González explicó que entre enero y mayo la actividad total acumuló una caída interanual de 0,7%, mientras que los sectores no mineros crecieron apenas 0,2%. “Sacando la minería no hay caída de la actividad, pero el crecimiento es muy pobre”, señaló.
En mayo, el Imacec no minero creció 0,7% anual. No obstante, en términos desestacionalizados cayó 0,3% respecto de abril, una señal de que la actividad subyacente también pierde impulso.
Para Urzúa, en tanto, la minería explica una parte importante del resultado, pero no todo el problema. “También estamos viendo una inversión que sigue débil, un consumo que no logra despegar con fuerza y un mercado laboral que todavía muestra fragilidad”, afirmó.
¿Cómo podría afectar a las personas?
Una recesión técnica no implica automáticamente una crisis como la vivida durante la pandemia o la crisis financiera de 2009. Sin embargo, sí puede reflejar una economía con menos dinamismo, mayores niveles de incertidumbre y dificultades para generar empleo.
Urzúa explica que los primeros efectos podrían sentirse en el mercado laboral. “Se crean menos empleos, aumentan las dificultades para encontrar trabajo y las familias tienden a ser más cautas con sus gastos”, sostuvo.
El economista agregó que, en un escenario de desaceleración más profunda, el acceso al crédito podría volverse más exigente y el consumo perdería fuerza, debido a la incertidumbre sobre los ingresos futuros.
Los sectores ligados al ciclo económico, como la construcción, el comercio y parte de la industria, suelen ser los más expuestos cuando la actividad pierde fuerza. También podrían enfrentar mayores dificultades las pequeñas y medianas empresas, que cuentan con menos margen para resistir períodos prolongados de menor demanda.
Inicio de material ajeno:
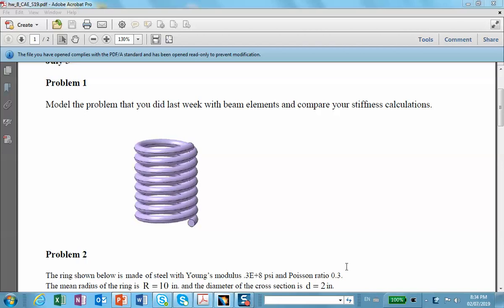All right, this is the specific problem that I'm interested to model. It shows you a helical spring, and the problem says model this problem that you did last week with beam elements and compare your stiffness calculations. So since I didn't do it last week, I will first model this thing as solid elements to show you how you make a helix and how you convert it into a spring like that.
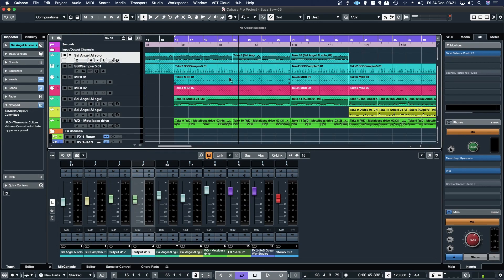Hello, in this video I'm going to show you how to use notes on your Cubase tracks and explain why you might want to use them. On this track, for example, I have a bunch of guitars and bass that I've tracked with a Kemper, but I've committed to the Kemper sound on the way in, as well as committing through the UAD Thermionic Culture Vulture.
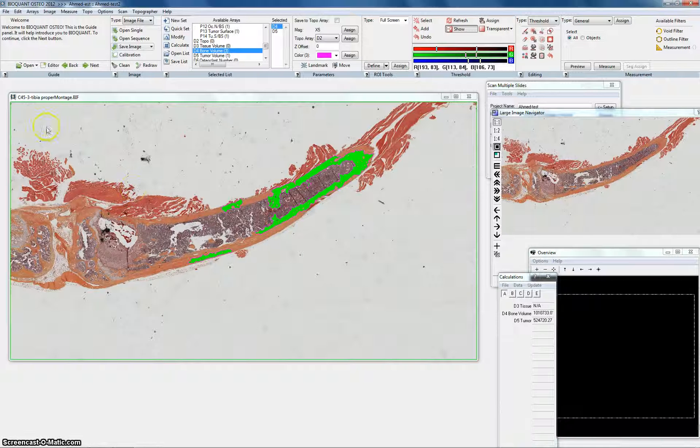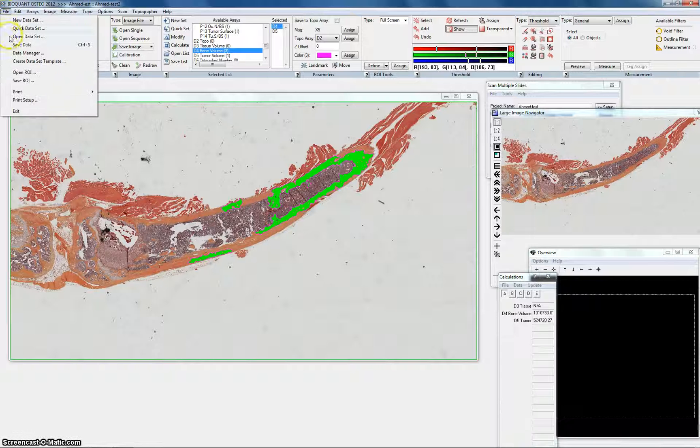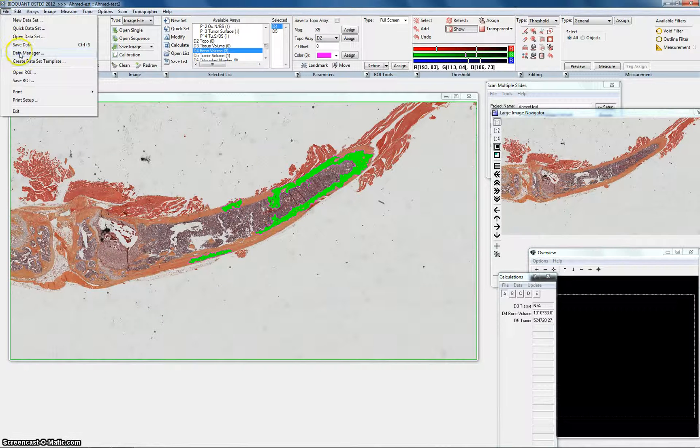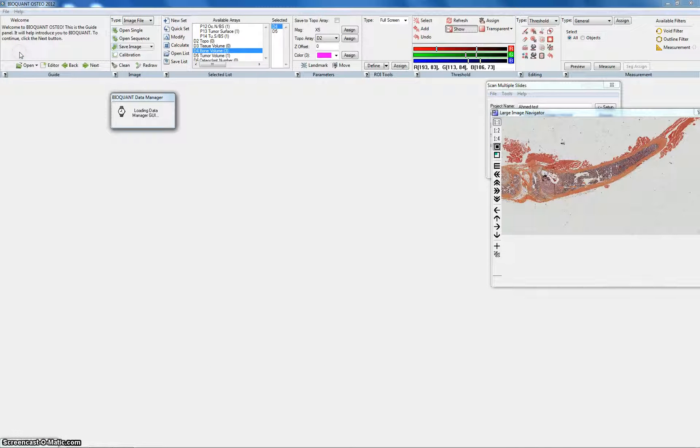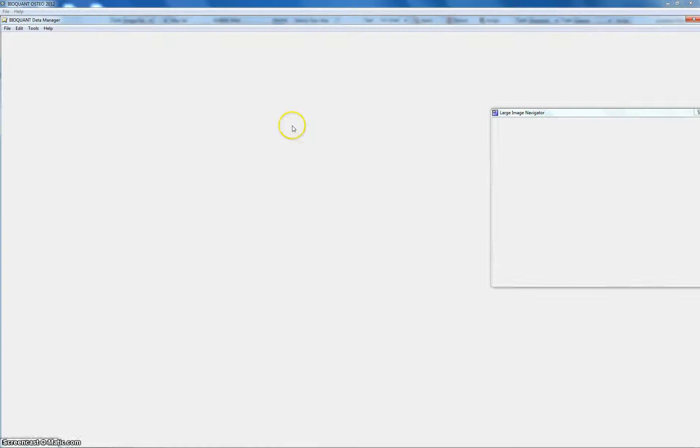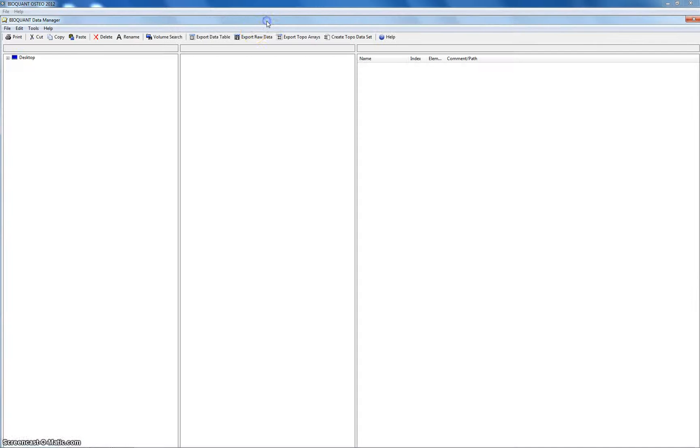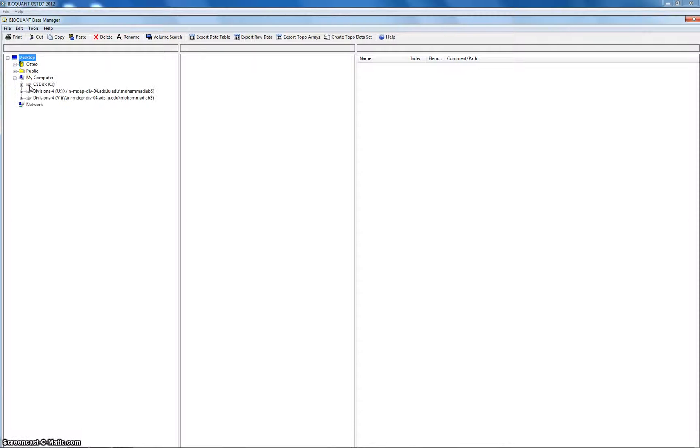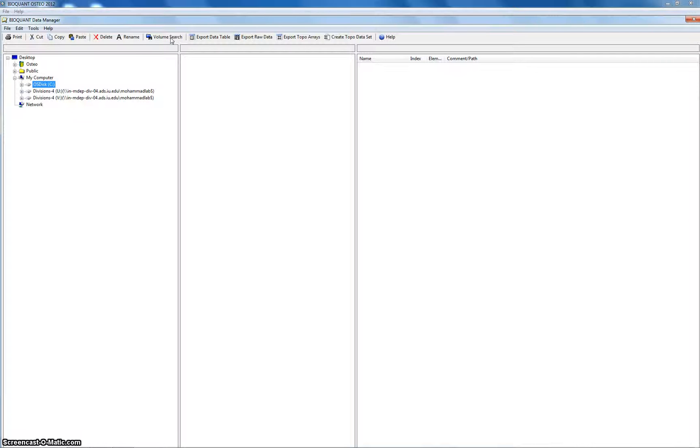So you want to go to file and then data manager where it stores the data. It will give you the box. Usually it takes some time. Please don't rush it because everything's going to freeze. This is the data manager. You make the search location the C drive. And then you hit volume search. Once you hit it, it's going to take a while. Maybe five minutes more or less. Maybe one minute. Maybe less. So I'll pause that video. And please, again, don't rush it.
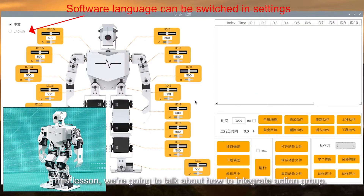Hey guys, this lesson we are going to talk about how to integrate action group.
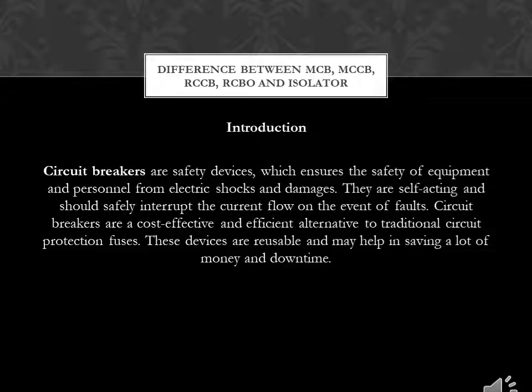Welcome to our channel Engineering Concepts. Today our topic is the difference between MCB, MCCB, RCCB, RCBO, and Isolator.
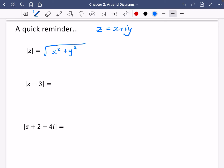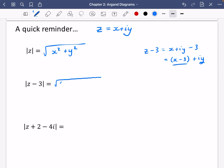We're going to find the modulus of z minus three. So z minus three would be x plus iy minus three. Collecting the real part gives x minus three, and the imaginary part is y. When finding the magnitude using Pythagoras, the real part gives (x minus three) squared and the imaginary part gives y squared. So generalising, it would be the square root of (x minus three) squared plus y squared.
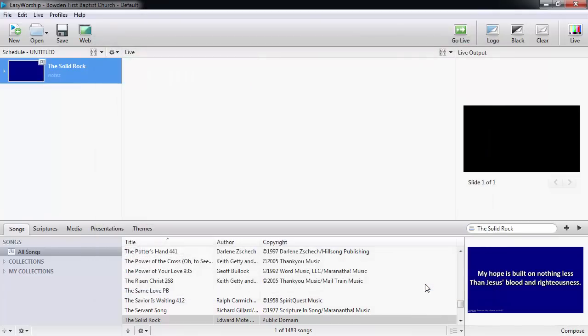Be sure to watch the next video to find out more about advanced editing of songs. Thanks for watching and thanks for choosing EasyWorship.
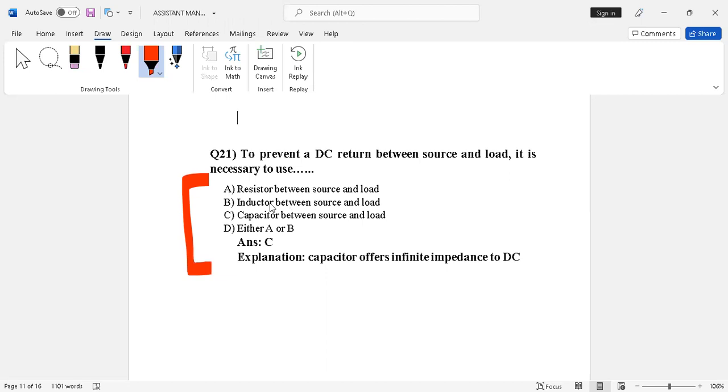Resistor between source and load, inductor between source and load, capacitor between source and load, or A or B. The right answer is option C, capacitor between source and load.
En el caso de los trabajadores, Urzúa señaló que quienes tienen empleos temporales, trabajan por cuenta propia o cuentan con menor estabilidad laboral suelen ser los grupos más vulnerables frente a un deterioro económico.
Riesgos para la inversión, el empleo y las cuentas fiscales
Para González, una economía estancada afecta tanto a las familias como a las finanzas públicas. “Una economía que no crece no crea empleos ni genera los recursos necesarios para financiar los gastos del Estado”, afirmó.
El riesgo, según Urzúa, es que la desaceleración deje de ser un fenómeno concentrado en algunos sectores y se extienda a otras áreas de la economía. Si las empresas postergan inversiones y contrataciones, la menor actividad puede generar un círculo que termine afectando aún más el crecimiento.
¿Qué puede hacer el Banco Central?
La actividad más débil puede abrir espacio para que el Banco Central evalúe recortes en la Tasa de Política Monetaria, siempre que la inflación continúe evolucionando de forma favorable.
González considera que la tasa actual “no es compatible con la situación cíclica de la economía” y que existirían espacios para reducirla en próximas reuniones sin comprometer la meta de inflación a dos años.
Urzúa, en tanto, plantea que el Gobierno tiene un margen más acotado debido a la situación fiscal. Por eso, sostiene que el foco debería estar en impulsar la inversión, acelerar proyectos y entregar mayor certeza a empresas y hogares.